BEGIN Data shown

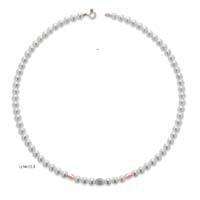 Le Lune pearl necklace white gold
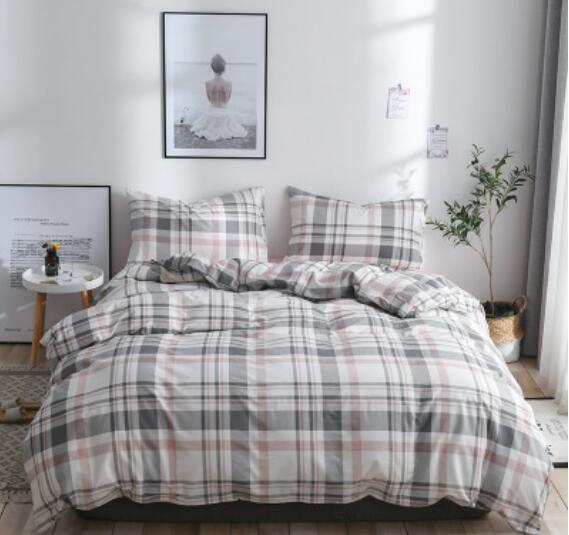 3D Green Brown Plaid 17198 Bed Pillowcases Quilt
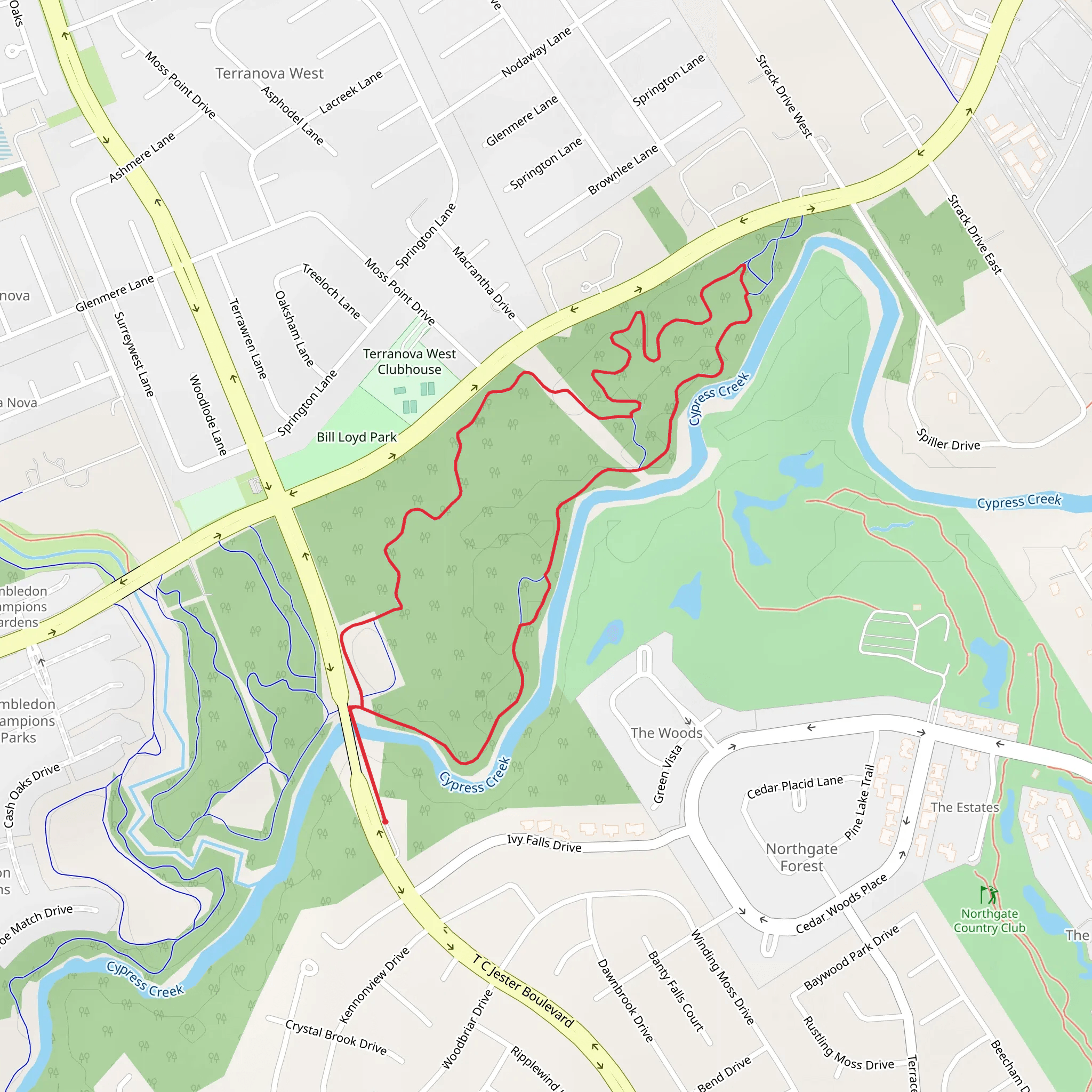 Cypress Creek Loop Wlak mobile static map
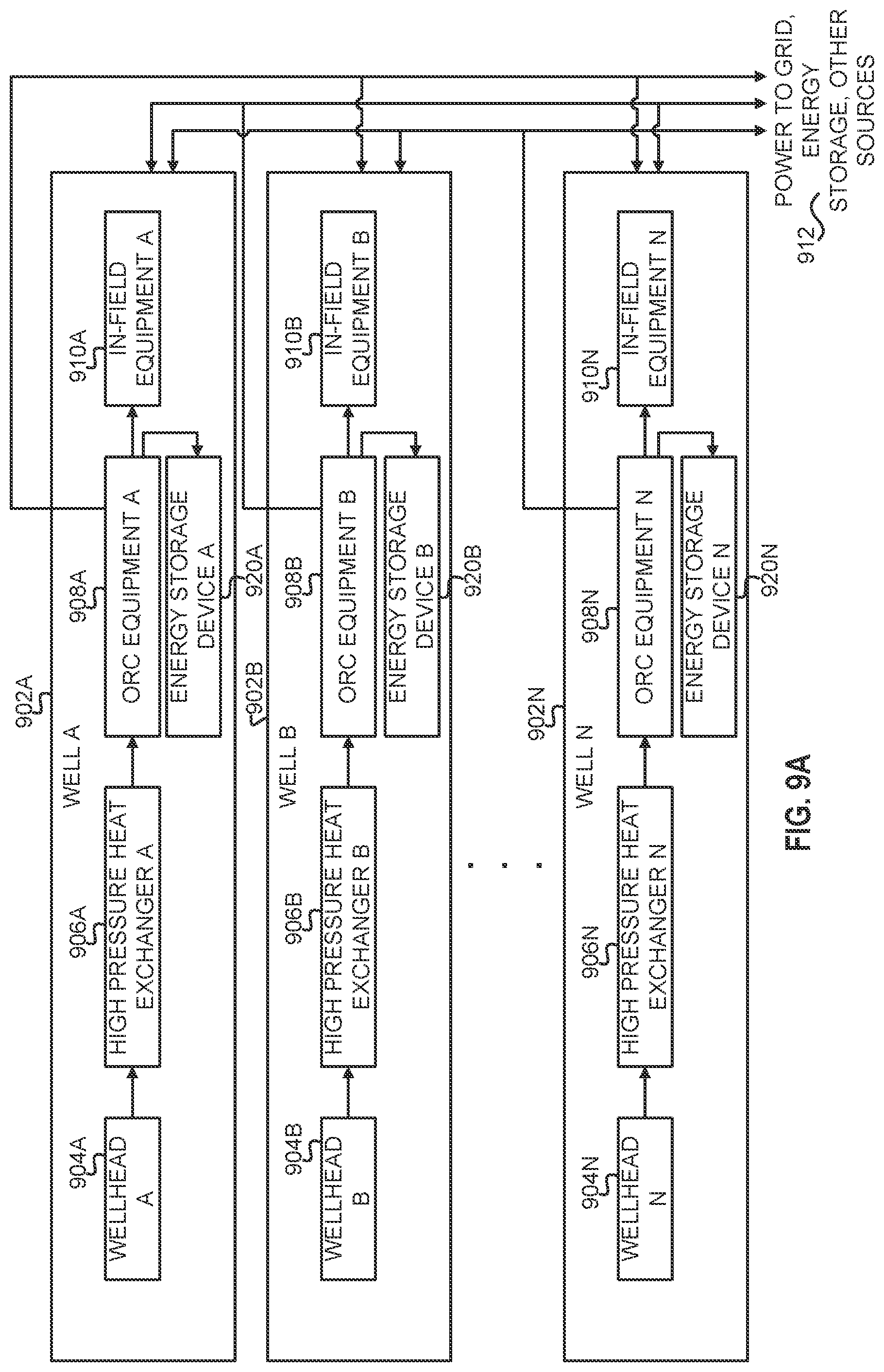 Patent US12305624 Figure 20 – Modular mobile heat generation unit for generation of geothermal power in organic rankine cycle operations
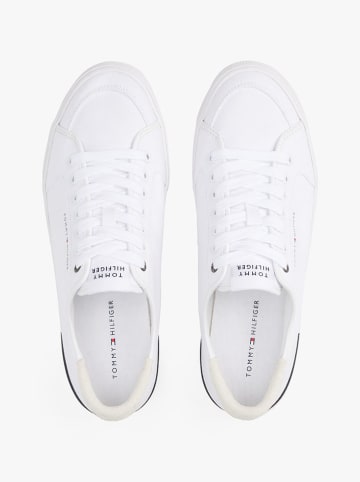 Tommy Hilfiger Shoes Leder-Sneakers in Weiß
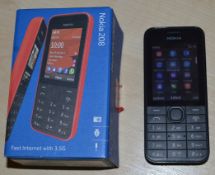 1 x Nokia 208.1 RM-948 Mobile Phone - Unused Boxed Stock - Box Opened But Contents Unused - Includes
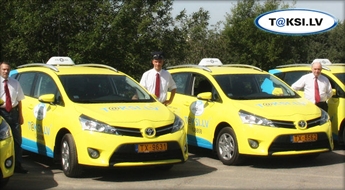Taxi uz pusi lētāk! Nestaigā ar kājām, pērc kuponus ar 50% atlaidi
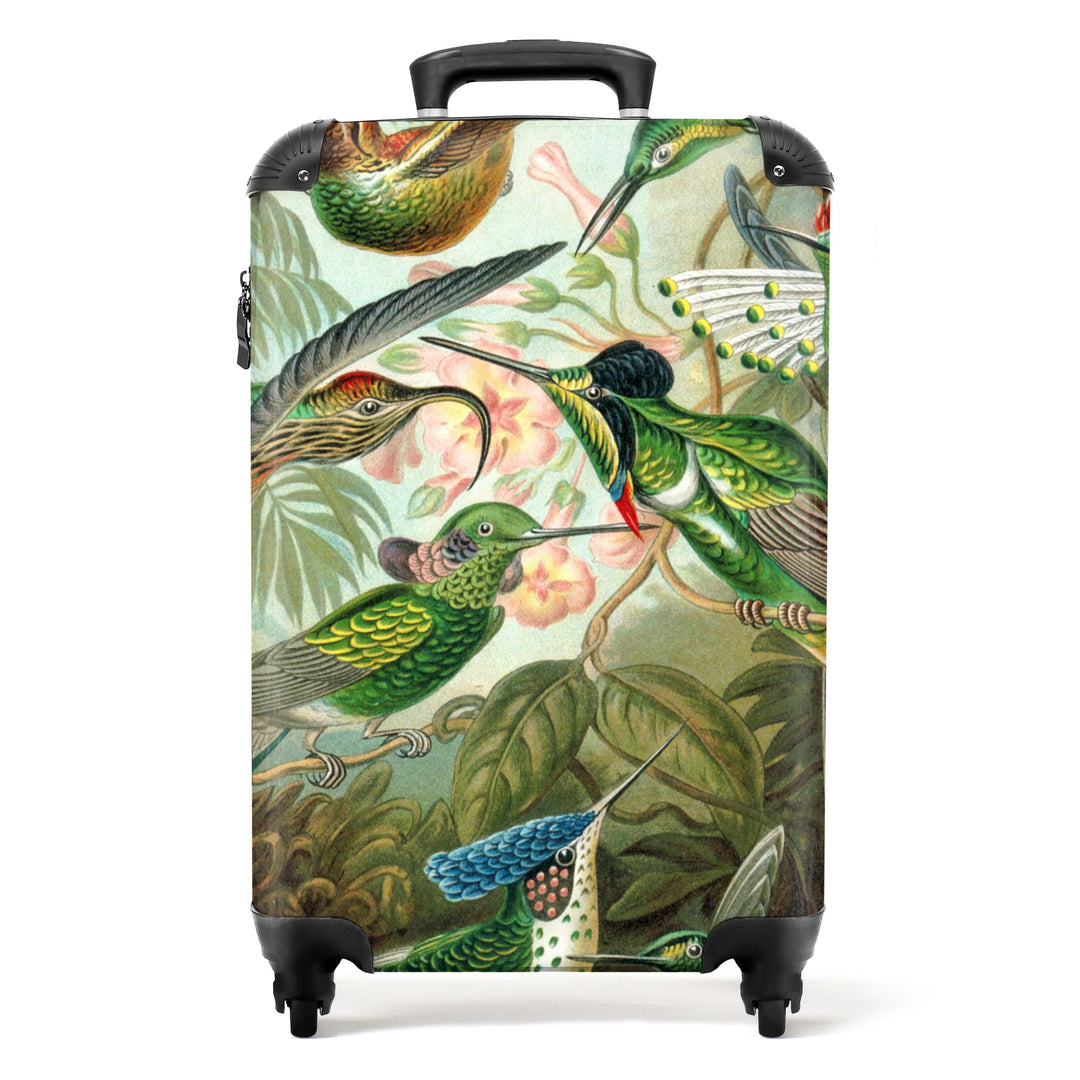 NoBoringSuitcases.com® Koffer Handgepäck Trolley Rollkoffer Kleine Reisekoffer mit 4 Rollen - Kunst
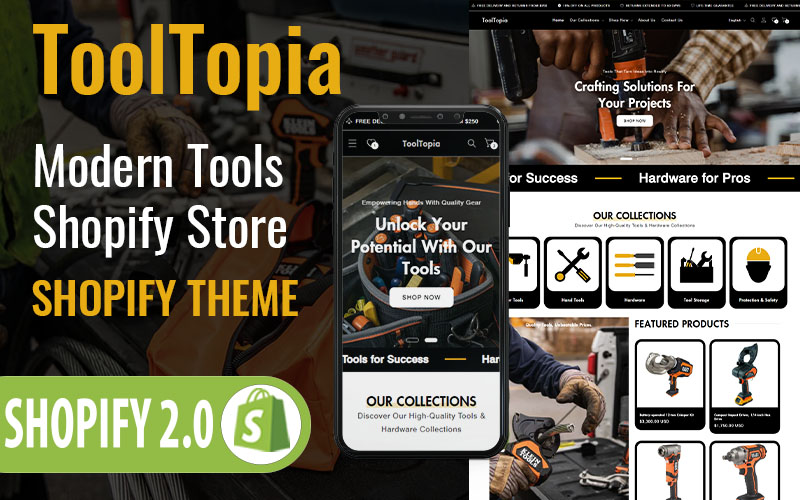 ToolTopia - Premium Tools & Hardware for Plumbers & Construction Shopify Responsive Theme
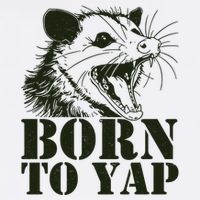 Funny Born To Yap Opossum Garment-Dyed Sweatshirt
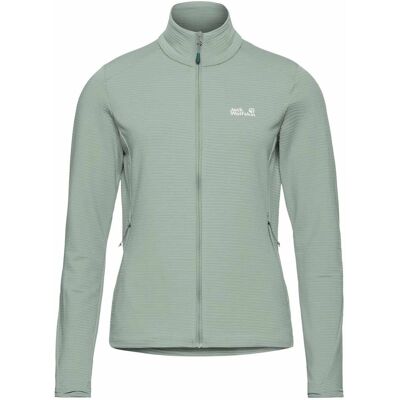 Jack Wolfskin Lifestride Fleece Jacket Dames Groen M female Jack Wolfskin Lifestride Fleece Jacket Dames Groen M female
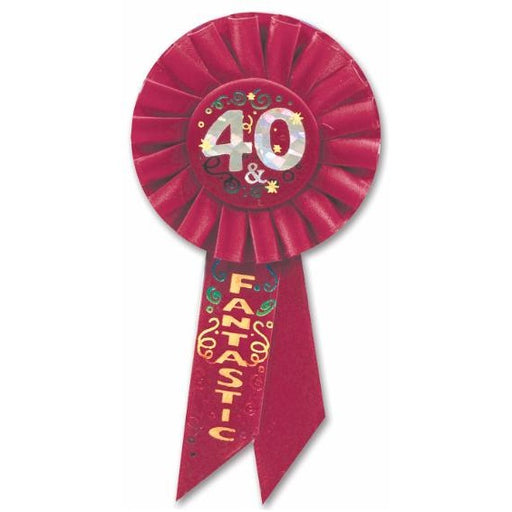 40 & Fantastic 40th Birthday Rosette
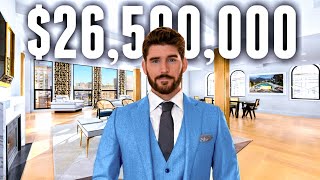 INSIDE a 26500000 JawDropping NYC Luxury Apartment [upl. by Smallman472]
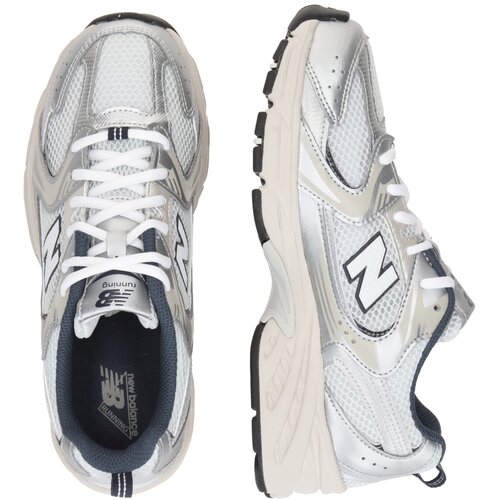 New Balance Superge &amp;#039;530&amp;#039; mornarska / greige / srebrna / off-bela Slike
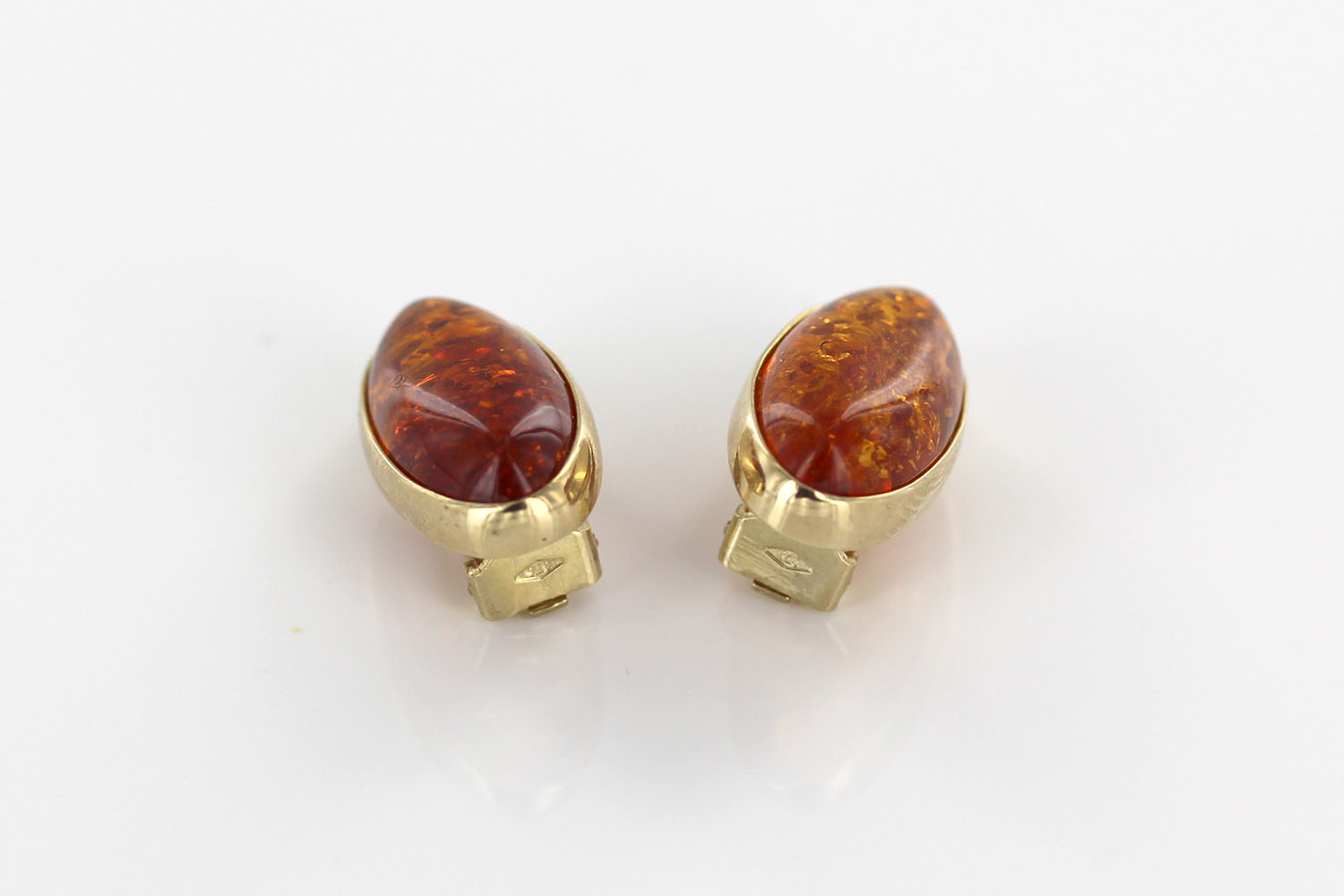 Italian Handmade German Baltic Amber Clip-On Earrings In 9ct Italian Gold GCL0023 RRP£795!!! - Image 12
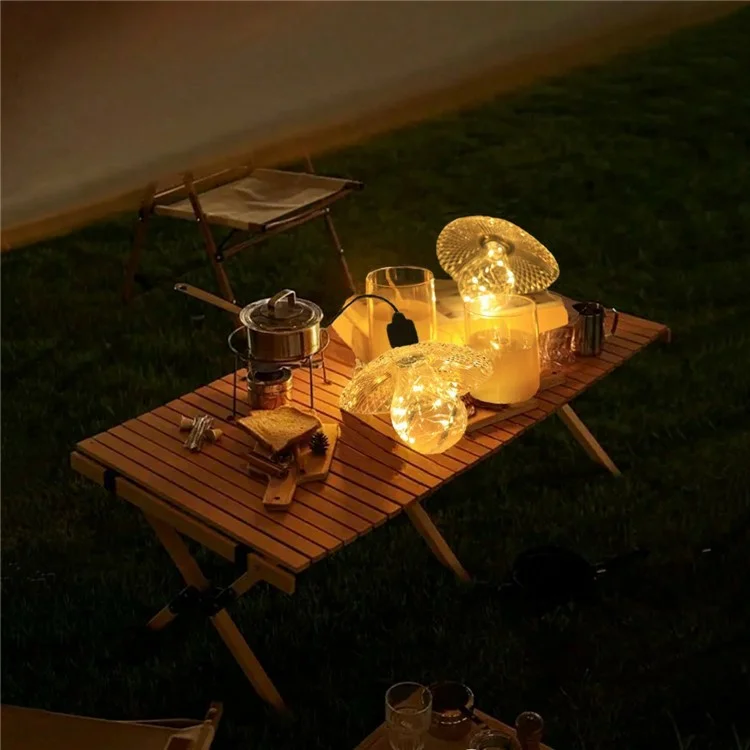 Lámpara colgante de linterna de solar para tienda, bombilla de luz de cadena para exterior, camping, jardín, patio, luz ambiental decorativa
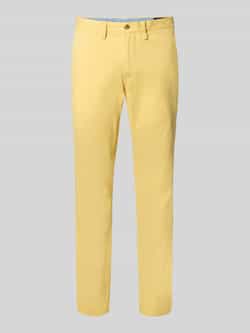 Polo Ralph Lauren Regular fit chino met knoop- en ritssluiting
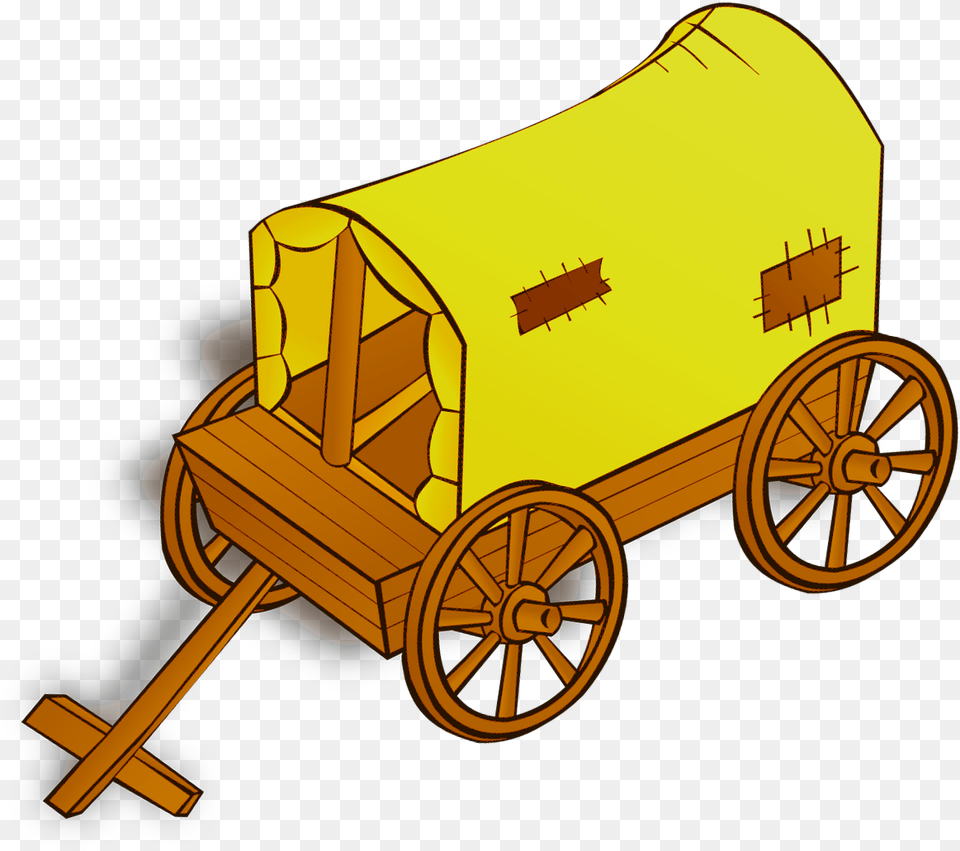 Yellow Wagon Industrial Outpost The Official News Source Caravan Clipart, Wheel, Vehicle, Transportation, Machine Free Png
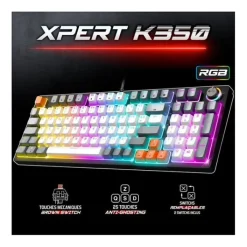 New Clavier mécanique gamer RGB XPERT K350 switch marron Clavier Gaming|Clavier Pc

END Data shown

What the task requires
Leave out the pictures and copy exactly the lines from the one with "Polo Ralph Lauren" through the last line of the records above.

Exercise result
 Polo Ralph Lauren Regular fit chino met knoop- en ritssluiting
 Yellow Wagon Industrial Outpost The Official News Source Caravan Clipart, Wheel, Vehicle, Transportation, Machine Free Png
 New Clavier mécanique gamer RGB XPERT K350 switch marron Clavier Gaming|Clavier Pc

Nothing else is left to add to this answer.